→ **WHAT IS BEING ASKED**
The lines to reproduce from the material below are those from the one containing "Used 2024 Nissan Altima 2.5 SV image 59" through the one containing "Hotel Garni Alpenrose Ischgl Exterior photo", both included; write them out exactly and add nothing.

═════ GIVEN DATA

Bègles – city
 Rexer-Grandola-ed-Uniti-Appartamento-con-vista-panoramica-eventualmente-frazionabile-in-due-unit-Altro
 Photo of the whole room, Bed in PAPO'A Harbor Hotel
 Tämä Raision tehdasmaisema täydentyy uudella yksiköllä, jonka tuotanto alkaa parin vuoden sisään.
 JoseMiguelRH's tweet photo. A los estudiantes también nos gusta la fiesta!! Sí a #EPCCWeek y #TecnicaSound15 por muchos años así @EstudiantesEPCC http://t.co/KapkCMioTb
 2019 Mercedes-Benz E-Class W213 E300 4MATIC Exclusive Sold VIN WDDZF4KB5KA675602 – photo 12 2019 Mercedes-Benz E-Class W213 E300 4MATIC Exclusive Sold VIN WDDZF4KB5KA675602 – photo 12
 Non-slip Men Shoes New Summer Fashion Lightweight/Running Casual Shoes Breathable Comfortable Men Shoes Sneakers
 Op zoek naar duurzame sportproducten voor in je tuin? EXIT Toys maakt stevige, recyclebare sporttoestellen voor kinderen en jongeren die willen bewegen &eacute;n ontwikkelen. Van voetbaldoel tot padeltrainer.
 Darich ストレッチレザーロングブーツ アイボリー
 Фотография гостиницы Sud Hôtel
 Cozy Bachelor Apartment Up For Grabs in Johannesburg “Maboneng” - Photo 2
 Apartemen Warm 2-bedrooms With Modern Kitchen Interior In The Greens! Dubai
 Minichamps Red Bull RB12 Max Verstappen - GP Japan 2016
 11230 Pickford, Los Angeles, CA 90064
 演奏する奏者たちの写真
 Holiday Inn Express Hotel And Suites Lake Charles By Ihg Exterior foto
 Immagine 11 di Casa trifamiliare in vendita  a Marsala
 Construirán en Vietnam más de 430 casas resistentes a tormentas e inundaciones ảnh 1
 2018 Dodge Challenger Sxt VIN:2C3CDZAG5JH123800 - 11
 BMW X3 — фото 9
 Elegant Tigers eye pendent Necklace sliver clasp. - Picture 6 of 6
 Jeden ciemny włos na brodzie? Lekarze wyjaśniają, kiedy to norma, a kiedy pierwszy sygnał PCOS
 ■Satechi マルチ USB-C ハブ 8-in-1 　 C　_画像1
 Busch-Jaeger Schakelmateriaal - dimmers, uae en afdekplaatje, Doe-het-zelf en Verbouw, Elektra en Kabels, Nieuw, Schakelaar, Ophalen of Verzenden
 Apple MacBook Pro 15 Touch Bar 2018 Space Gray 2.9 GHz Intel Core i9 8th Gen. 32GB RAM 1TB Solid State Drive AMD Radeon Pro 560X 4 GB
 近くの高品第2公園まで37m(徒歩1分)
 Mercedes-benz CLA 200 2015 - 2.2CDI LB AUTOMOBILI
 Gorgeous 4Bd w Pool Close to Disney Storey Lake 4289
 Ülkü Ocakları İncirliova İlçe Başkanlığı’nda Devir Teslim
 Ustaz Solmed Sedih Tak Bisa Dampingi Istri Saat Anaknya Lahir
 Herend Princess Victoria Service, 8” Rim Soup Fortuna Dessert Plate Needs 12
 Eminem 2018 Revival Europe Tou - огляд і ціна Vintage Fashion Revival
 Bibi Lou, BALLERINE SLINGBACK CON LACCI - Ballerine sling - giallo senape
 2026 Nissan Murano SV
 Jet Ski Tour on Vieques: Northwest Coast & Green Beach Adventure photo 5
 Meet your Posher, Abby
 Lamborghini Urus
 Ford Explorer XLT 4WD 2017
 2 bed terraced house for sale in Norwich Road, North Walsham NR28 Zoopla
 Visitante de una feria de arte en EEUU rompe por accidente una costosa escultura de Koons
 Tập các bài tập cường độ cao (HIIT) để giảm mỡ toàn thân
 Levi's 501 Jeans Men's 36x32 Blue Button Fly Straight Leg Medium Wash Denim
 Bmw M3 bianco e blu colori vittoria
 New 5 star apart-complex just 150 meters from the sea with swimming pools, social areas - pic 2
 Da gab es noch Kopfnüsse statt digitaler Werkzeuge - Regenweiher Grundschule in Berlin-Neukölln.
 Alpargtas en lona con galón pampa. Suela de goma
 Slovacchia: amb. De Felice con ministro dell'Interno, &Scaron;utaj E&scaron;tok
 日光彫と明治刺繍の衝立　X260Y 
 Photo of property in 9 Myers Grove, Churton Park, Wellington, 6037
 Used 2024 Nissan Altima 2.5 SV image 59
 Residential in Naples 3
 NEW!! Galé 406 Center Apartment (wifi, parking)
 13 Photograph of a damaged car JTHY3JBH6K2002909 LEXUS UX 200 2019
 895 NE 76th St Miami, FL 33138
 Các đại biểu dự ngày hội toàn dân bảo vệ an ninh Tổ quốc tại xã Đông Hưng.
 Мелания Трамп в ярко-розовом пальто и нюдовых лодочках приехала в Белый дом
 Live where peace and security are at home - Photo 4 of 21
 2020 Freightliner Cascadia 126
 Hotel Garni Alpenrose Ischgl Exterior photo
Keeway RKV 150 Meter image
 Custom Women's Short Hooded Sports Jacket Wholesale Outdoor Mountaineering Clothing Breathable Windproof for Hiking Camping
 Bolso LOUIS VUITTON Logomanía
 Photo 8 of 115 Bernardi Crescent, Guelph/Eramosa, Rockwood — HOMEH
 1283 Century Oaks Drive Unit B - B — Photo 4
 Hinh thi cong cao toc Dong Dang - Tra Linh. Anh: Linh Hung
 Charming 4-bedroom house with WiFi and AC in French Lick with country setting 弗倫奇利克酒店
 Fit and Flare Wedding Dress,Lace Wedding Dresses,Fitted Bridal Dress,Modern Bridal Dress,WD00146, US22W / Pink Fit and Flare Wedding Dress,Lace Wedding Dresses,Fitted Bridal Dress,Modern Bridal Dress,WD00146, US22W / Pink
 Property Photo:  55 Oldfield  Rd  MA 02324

══════════

→ **TASK RESULT**
 Used 2024 Nissan Altima 2.5 SV image 59
 Residential in Naples 3
 NEW!! Galé 406 Center Apartment (wifi, parking)
 13 Photograph of a damaged car JTHY3JBH6K2002909 LEXUS UX 200 2019
 895 NE 76th St Miami, FL 33138
 Các đại biểu dự ngày hội toàn dân bảo vệ an ninh Tổ quốc tại xã Đông Hưng.
 Мелания Трамп в ярко-розовом пальто и нюдовых лодочках приехала в Белый дом
 Live where peace and security are at home - Photo 4 of 21
 2020 Freightliner Cascadia 126
 Hotel Garni Alpenrose Ischgl Exterior photo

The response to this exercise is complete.